Lorsque cette matinée prit fin, enfin, mes deux camarades me demandèrent presque en cœur ce que je comptais faire de mon après-midi. Je n'en avais pour le moment aucune idée, la question de savoir ce que je faisais habituellement fut posée par Sarah et Jessica en donna la réponse dans un soupir qui ne cachait rien de l'exaspération de la fille brune et surprit la blonde. J'hésitais à rire devant leurs têtes puis me retins, il risquerait d'être mal interprété. Sarah finit par décider pour moi alors que nous sortions de l'établissement, elle allait m'accompagner jusque chez moi afin de demander à ma mère si elle pouvait venir réviser.
" J'ai toujours des difficultés en maths, précisa-t-elle. Et puis en étant sur place, elle pourra rien dire ta mère."
J'ignorais ce que ma mère allait dire ou pas, ce que je savais par contre c'était que Jessica était meilleure que moi dans cette matière, comme dans toutes les autres d'ailleurs. Une nouvelle fois Jess eut l'air pincée que son amie prenne les devants et mis à part pour nous saluer avant de tourner pour rentrer elle ne dit aucun mot. Je me retrouvais donc seule avec Sarah, j'avais l'impression que l'atmosphère s'était allégée, je lui demandais alors:
" Tu vas vraiment venir jusque chez moi ?
- Oui, pourquoi ? Tu veux pas ?
- Moi, si... Mais ma mère, pas sûre. Elle aime pas ta témérité je crois."
Elle sourit, hocha la tête puis me saisit par le bras tout en continuant d'avancer.
" Il n'y a pas beaucoup de monde qui aime la franchise. Elle te dérange toi ?
- Non, au contraire.
- Je me disais bien aussi... Tant pis si ta mère m'aime pas, j'ai l'habitude.
- Ah bon ?
- Oui. Et je vais te dire, c'est pas pour ta mère que je viens."

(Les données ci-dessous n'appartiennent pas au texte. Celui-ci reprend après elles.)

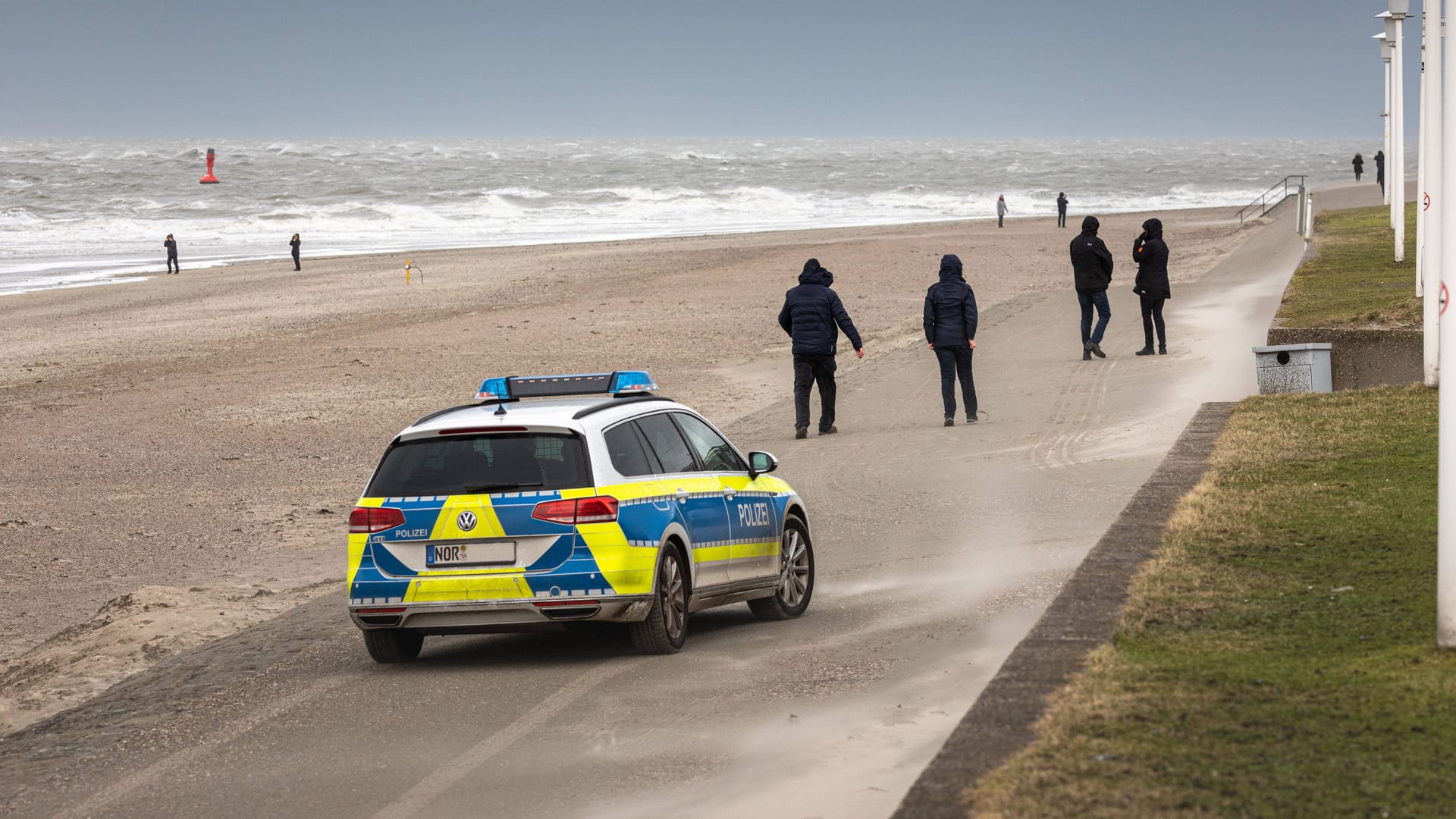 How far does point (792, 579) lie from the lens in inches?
418

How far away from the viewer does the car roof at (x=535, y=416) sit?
9047 millimetres

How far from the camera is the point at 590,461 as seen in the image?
886 centimetres

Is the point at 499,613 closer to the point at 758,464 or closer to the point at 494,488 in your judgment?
the point at 494,488

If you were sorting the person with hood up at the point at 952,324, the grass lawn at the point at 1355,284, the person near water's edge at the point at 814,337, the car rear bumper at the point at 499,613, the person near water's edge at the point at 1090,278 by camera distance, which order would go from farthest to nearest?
the person near water's edge at the point at 1090,278, the grass lawn at the point at 1355,284, the person with hood up at the point at 952,324, the person near water's edge at the point at 814,337, the car rear bumper at the point at 499,613

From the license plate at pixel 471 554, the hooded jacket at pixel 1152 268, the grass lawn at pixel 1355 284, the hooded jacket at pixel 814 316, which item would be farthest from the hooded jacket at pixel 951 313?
the license plate at pixel 471 554

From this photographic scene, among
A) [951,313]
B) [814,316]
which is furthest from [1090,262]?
[814,316]

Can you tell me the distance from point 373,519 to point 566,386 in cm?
152

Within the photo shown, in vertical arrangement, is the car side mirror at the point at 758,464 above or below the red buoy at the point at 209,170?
below

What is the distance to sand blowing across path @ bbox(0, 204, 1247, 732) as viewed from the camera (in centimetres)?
1262

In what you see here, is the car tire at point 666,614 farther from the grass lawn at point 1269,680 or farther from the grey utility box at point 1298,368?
the grey utility box at point 1298,368

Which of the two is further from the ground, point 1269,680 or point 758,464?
point 758,464

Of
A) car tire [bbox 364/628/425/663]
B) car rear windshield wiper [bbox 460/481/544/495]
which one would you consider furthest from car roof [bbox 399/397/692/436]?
car tire [bbox 364/628/425/663]

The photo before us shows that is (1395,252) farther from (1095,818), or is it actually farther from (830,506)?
(1095,818)

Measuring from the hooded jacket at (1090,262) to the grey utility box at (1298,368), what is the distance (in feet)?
19.1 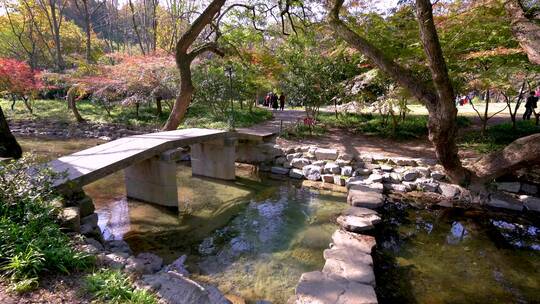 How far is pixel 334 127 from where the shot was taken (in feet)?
41.7

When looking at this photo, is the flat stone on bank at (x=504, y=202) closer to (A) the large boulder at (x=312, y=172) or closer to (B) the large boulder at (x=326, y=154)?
(B) the large boulder at (x=326, y=154)

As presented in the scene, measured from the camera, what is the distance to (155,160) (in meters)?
6.62

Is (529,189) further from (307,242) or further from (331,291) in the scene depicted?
(331,291)

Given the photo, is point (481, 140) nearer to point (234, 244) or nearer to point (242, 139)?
point (242, 139)

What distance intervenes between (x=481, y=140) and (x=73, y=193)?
10402 millimetres

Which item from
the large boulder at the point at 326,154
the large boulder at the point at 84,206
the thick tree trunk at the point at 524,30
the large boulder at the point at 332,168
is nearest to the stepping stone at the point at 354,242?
the large boulder at the point at 332,168

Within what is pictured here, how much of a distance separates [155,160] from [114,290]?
433 cm

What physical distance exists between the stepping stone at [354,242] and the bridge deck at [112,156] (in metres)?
3.72

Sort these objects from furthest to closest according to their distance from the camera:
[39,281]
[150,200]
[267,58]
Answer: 1. [267,58]
2. [150,200]
3. [39,281]

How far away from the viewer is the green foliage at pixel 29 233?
2.63m

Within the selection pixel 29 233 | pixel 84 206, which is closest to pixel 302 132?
pixel 84 206

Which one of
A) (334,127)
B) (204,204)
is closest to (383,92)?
(334,127)

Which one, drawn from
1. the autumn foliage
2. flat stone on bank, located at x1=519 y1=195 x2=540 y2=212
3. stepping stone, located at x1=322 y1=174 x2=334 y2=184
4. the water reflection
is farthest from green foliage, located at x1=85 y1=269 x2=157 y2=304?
the autumn foliage

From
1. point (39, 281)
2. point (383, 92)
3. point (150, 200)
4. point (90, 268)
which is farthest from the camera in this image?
point (383, 92)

Ça j'aurais pu m'en douter, et heureusement pensais-je. Elle ne me lâcha pas si bien que nous arrivâmes devant la porte en état quasiment bras dessus, bras dessous, je pensais alors à ce que m'avais demandé ma camarade, à savoir ce que ma mère dirait si je sortais avec une fille et encore à cet instant j'étais certaine de sa réaction. Sarah finit par me rendre le bras en passant le pas de la porte d'entrée, j'allais trouver ma mère dans sa cuisine, laissant ma camarade dans le vestibule.
" Maman, dis-je en arrivant, est-ce que je pourrais...
- Non !"
Comme je n'eus le temps de finir ma phrase, je supposais que je payais l'intervention de mon père de la veille, je le maudis intérieurement puis la jeune blonde fit son apparition et dit bonjour timidement. La vieille femme qui nous faisait face se contenta de la dévisager sans même lui répondre.
" Écoutez madame, reprit Sarah. Je ne sais pas pour quelle raison vous voulez priver Valentine de cette séance de révision mais en agissant ainsi, c'est moi que vous punissez car c'est moi qui en ais besoin. Or, moi je ne vous ai rien fait."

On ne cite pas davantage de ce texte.